As we do every year on this occasion, we have duly decorated the Palace’s hallowed shrine to PZ Myers, Patron Saint of Perry Street Palace, to celebrate The Great Tentacled One’s successful completion of yet another orbit around our sun. Longtime Loyal Readers will recall that in February of 2011, PZ generously published our silly little screed In Defense of Mockery on his Pharyngula blog—an all-time favorite of ours. The Palace gained Many Tens of Loyal Readers™ that day, for which PZ will always have our undying appreciation and affection. Since then he has continued to be amazingly supportive: PZ cross-posted our Casualties of War; and just this past year he signal boosted Dear Friend: Words Have Meanings—and goaded those pestilent apes of the Forced Birth Brigades to dare come over to the Palace and read it. And Christ, did they ever. Fortunately PZ’s infamous Horde followed, and did what they always do: expertly deployed the heavy artillery in the battles that ensued.
This was also a year that saw PZ finally break ties with longtime BFF Richard Dawkins, though not before a lot of hand-holding, patient explanation and hopeful optimism that in the end proved to be utterly futile and entirely undeserved. It is an extraordinarily difficult thing to write off people you have long admired and with whom you have invested time in a shared purpose. Hell, The Dawk broke my heart; I can only imagine the sting for someone who also considered him a friend.

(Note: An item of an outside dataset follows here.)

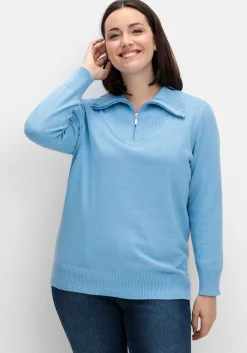 Pullover mit Troyerkragen und Reißverschluss<sheego Best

But it mattered, to me at least, that PZ ultimately stood on principle, and did so in the face of an onslaught of petty and nasty attacks from the Great Horsedouche himself and his many misogynist minions.

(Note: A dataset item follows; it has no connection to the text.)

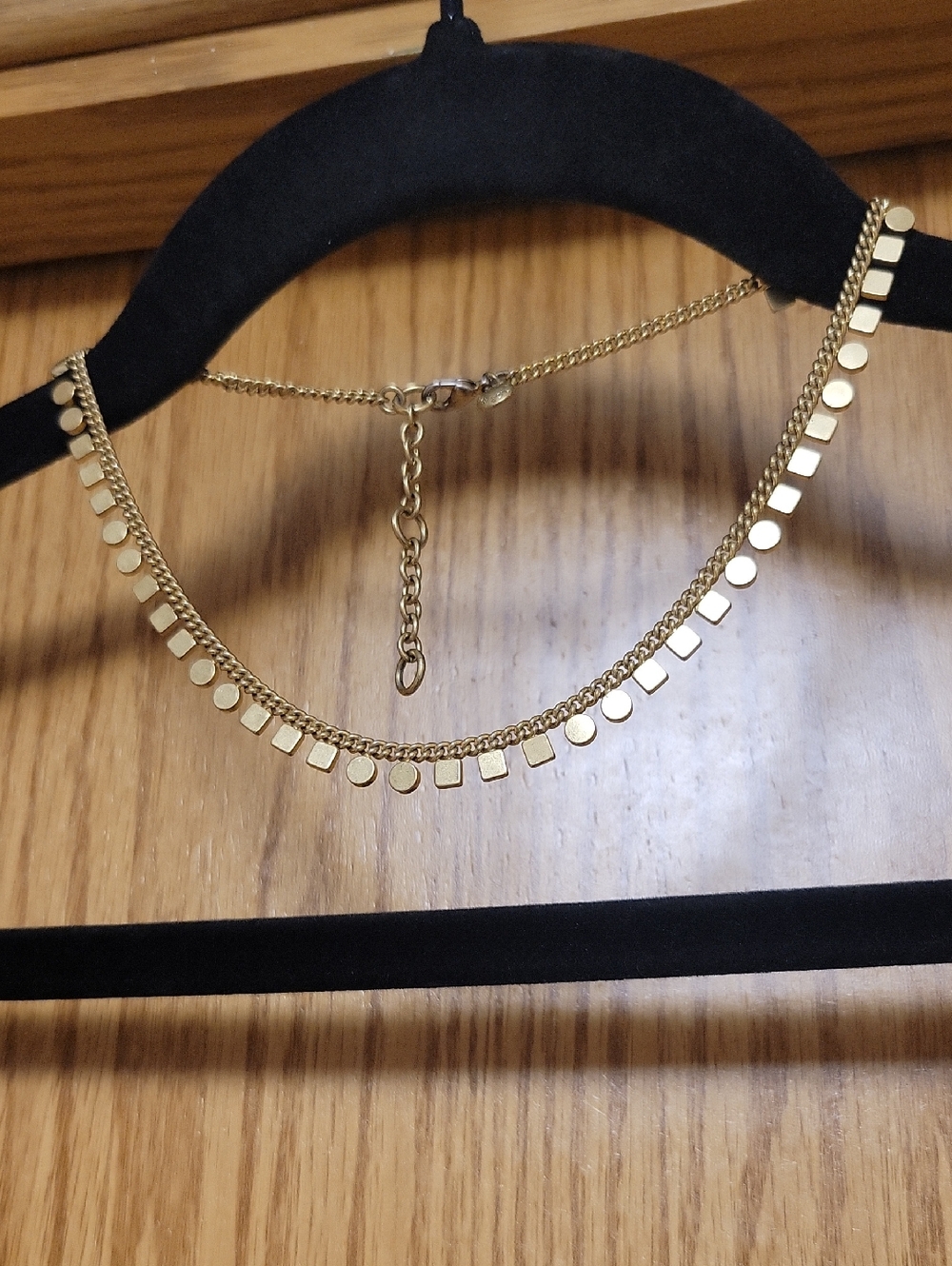 J.Crew Gold Tone Disc & Square Chain Necklace With Extender • Layering Jewelry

This is what being an ally looks like.
It has also become our tradition to offer up a smattering of quotes from the Overlord, and here are a few we collected over the last twelve months. Please enjoy, and stick around for the traditional Red Velvet cake & beer celebration.

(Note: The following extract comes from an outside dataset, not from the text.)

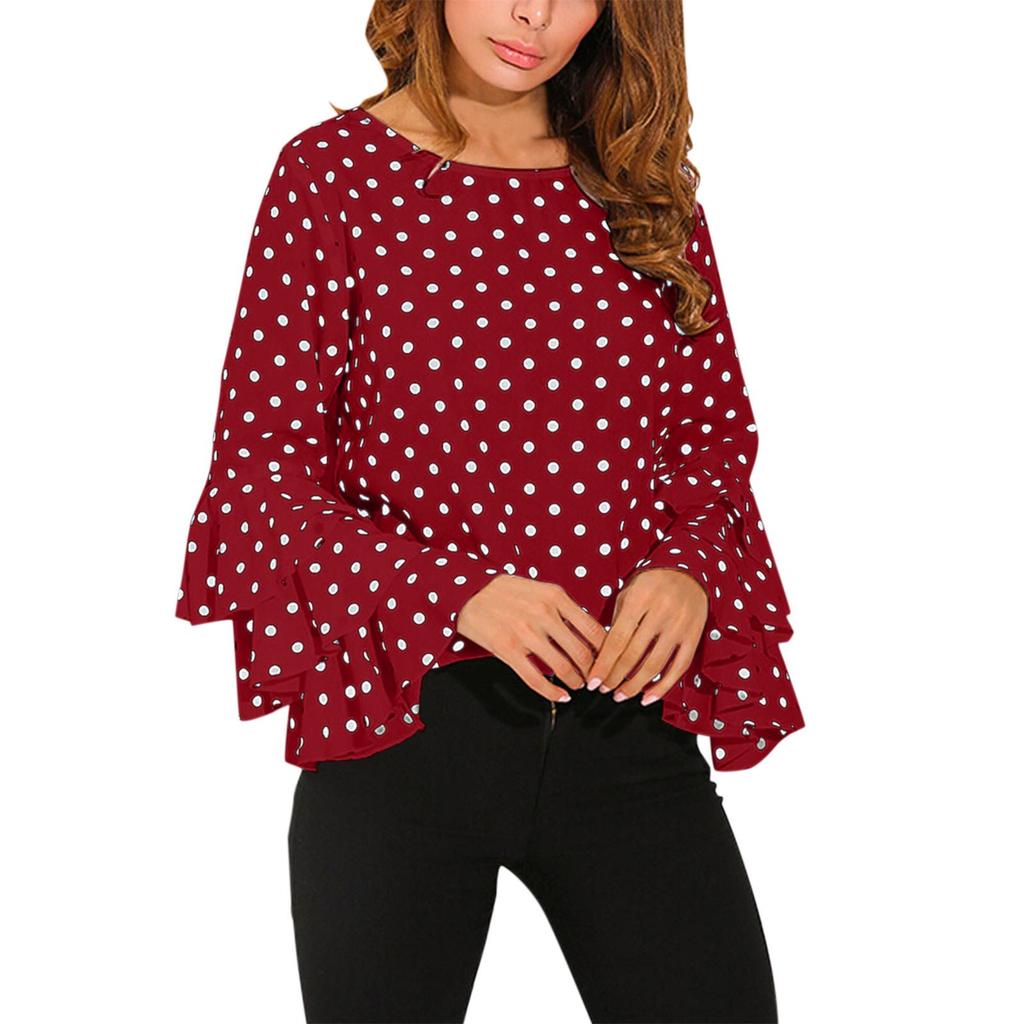 European & American Polka Dot Bell Sleeve Plus Size Chiffon Blouse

I don’t target particular religions for bad conclusions — I detest them all for having bad methodologies. –PZ Myers
We try. We really try. But no matter how progressive the state might be, we’re still afflicted with horrible, demented people who run for office. Fortunately, there’s a tell: they always join the Republican party. –PZ Myers
I could do this all day, inventing pseudo-scientific evo-psych rationalizations for why particular stone age tasks shaped brains in a sex-specific manner, but at least I wouldn’t be doing it to somehow magically always fit 21st century Western cultural expectations. But I can’t, because it’s stupid. –PZ Myers
I won’t dignify religious rules with the word “morality”. A true human morality has to be founded on our obligations to one another, rather than to an imaginary figurehead. –PZ Myers
Values? It seems to me that the churches have always been far behind the enlightened members of society, changing only in response to fairly intense pressure to accommodate — see anything to do with race or sex for examples of religion failing and humanist ideals having to first flatten the religious bullshit to get through to people. –PZ Myers
If religion were really about human wellbeing, then the churches would be at the forefront of the struggle for LGBTQ rights, for instance; they’d all be citing the scriptures that say that all human beings are equally deserving of happiness, and that you shouldn’t oppress or harm people for not behaving in private the way you want them to. The problem is that there are no scriptures like that. –PZ Myers
We don’t need love for an invisible man to motivate us; how about instead being motivated by love for the very real human beings around us? How about redirecting that natural desire for service to helping people who need it, rather than trying to please an imaginary creature? Especially when that imaginary creature, by your own holy books, will not be satisfied with anything less than an eternity of servile worship. –PZ Myers
I’m going to have to write off Richard Dawkins now. He’s been eaten by the brain parasites. –PZ Myers
And for good measure:
Fuck you, Sam Harris, you incompetent amoral hack, smug apologist for monsters. –PZ Myers
Thank you, PZ. And happy, happy birthday. Long may you mock.